We encounter Samuel Adler in 1938. He's five years old and living in Vienna when his father disappears during the Nazi purge of Kristallnacht. With the help of family allies, Samuel's mother manages to evacuate him to England. He travels alone, carrying nothing but a change of clothes, his violin and hopes for reunion with his parents.
Eighty years later, Anita Diaz rides a different train with her mother when they leave El Salvador to escape being slaughtered by military gangs who invade their town and massacre everyone in it. They arrive in Arizona just as the U.S. government institutes a family separation policy to deter refugees. Seven-year-old Anita is now by herself at a camp in Nogales. She escapes her brutal reality and separation from her mother by creating an imaginary world — Azabahar — where traveling without the safety of parents or adults is processed through hopeful conversations between Anita and her imagined friend, Claudia. Meanwhile Selena Durán, a social worker in Nogales, enlists legal aide in hopes of tracking down Anita's mother.

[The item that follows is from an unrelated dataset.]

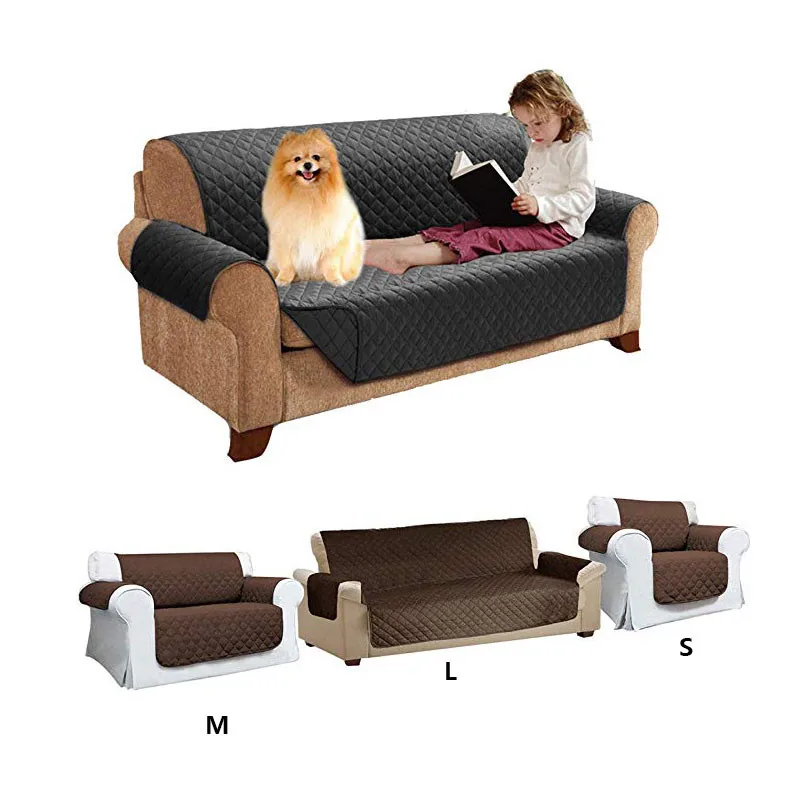 

Waterproof Sofa Cover Chair Throw Pet Dog Kid Mat Furniture Protector Reversible Washable Removable Armrest Slipcover 1/2/3 Seat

Selena's character appears to be inspired by the real life mission and work of the Florence Refugee and Immigrant Rights Project, an organization listed in Allende's acknowledgements. This group works in "Ambos Nogales" (Arizona and Sonora) through a partnership with the Kino Border Initiative to provide legal assistance, food, shelter, clothes, and comfort to thousands of refugees and migrants turned away at the border by U.S. Border Patrol. Selena's fictional journey comes from a real life community resource. There are many true life Selenas in Nogales and along the borderlands. Their humanitarian good neighbor service finds an essential voice in Allende's story.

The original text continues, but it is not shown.